§ Data
----
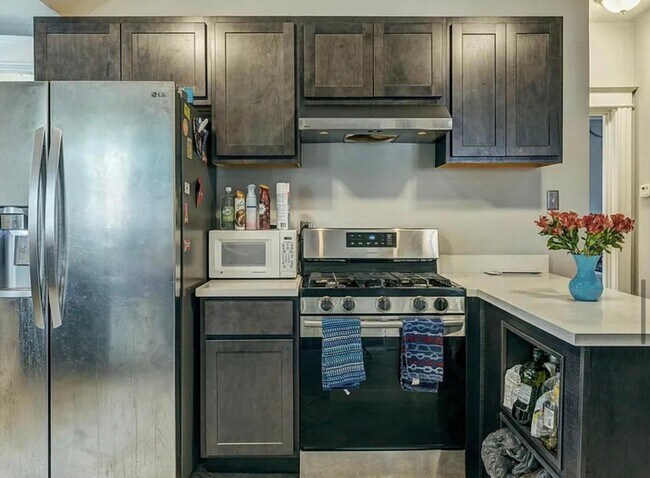 Foto del edificio - 6415 Cates Ave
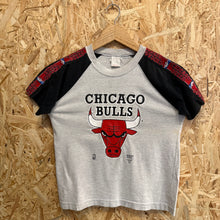 Load image into Gallery viewer, Camiseta Chicago Bulls Early/Mid 90s Champion Vintage - 5/6 AÑOS
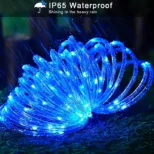 Solarni LED niz plava boja u crevu 20m unosi intenzivan i bogat svetlosni efekat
----
§ Task requirements
Apart from the pictures, the whole listing should be reproduced exactly.

§ Solution to this problem
 Foto del edificio - 6415 Cates Ave
 Load image into Gallery viewer, Camiseta Chicago Bulls Early/Mid 90s Champion Vintage - 5/6 AÑOS
 Solarni LED niz plava boja u crevu 20m unosi intenzivan i bogat svetlosni efekat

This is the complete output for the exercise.